I am attempting to send emails from my website (localhost, test and live) and I am finding that only a fraction ever reach their destination. One of the problems may be that my web server is not communicating the fact that my emails are coming from a valid email address and/or source.

I've read that my web server (or DNS) may be contacted by an email system regarding the emails that that appear to be sent from my domain. If the server does not respond and tell the email system that the email address or IP address is trustworthy, the email may be treated as spam.

How does this validation system work? How do I add emails and IP addresses to my server so that they are regarded as good sources?

In general, I want for emails to be seen as valid when they come from my server and when they come from my localhost (for testing reasons.)

  • I used to send all web based e-mail through my SMTP server. If there is a new way, I am not aware of it.
    – closetnoc
    Commented Mar 20, 2014 at 21:31
  • Your sending from the SMTP server on on local machine? That's what I am doing. I'm not really looking for a new way to send email, I just want my ISP or DNS to let the world know that emails coming from my localhost SMTP server are valid emails.
    – Hoytman
    Commented Mar 20, 2014 at 21:42
  • Okay. Do you have a MX record set up in your DNS? Are you able to receive e-mail on your server from the Internet? It may be that the receiving SMTP server cannot always communicate back to your server or check any MX record. It has been a while since I have to deal with these issues. I may have to think on this.
    – closetnoc
    Commented Mar 20, 2014 at 21:50

1 Answer 1


To have emails sent out from a server and to pass certain validation tests you need to configure the server for SPF and DKIM.

SPF is a rather simple process that involves setting an SPF or TXT record in your DNS records. The receiving mail server, then checks the DNS record to see if the sending machine is authorized by your domain's records, just as you are describing in your question. A simplified explanation of SPF is that there is a record containing the IP addresses of the machines that are authentic mailers for the domain in question.

DKIM is a little more involved and may require you to configure a mail client on the sending machine.
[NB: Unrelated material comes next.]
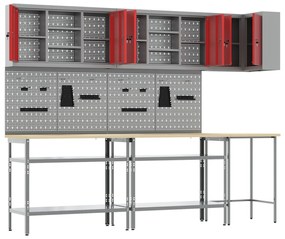 vidaXL Σετ Αποθήκευσης Εργαλείων 10 Τεμαχίων Κόκκινο από Σχηματισμένο Ξύλο και Μέταλλο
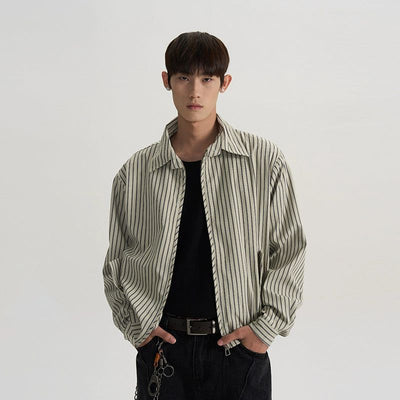 Snap Button Pockets Striped Jacket Korean Street Fashion Jacket By A PUEE Shop Online at OH Vault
From this page: http://www.elandsys.com/resources/mail/dkim/opendkim.html. Here's basically what DKIM does: A domain owner generates a private/public key-pair that will be used to sign messages originating from that domain. The public-key is placed in DNS as a TXT record. The private-key is kept on the mail server which sends email for the domain. When an email is submitted by an authorized user of that domain, dkim-milter uses the private-key to digitally sign the email associated with the sending domain. The DKIM-Signature header and signature is added to the email and the message is sent. When a message is received with a DKIM-Signature header, opendkim extracts the signature and the sender's domain from the email. It does a DNS lookup on the TXT record to fetch the public-key for the sender's domain. Using the public-key, opendkim verifies whether the signature of the email is valid. An Authentication-Results: dkim=pass header is inserted as a mail header if the verification is successful.

I hope that points you in the right direction.

  • Thanks, I am researching SPF records, but finding a helpful example is difficult. Could you provide and example or link to an example that will help me to validate emails from both my live server and my localhost (which operates from a range of IP addresses?) Note: I'm not just sure what -all does.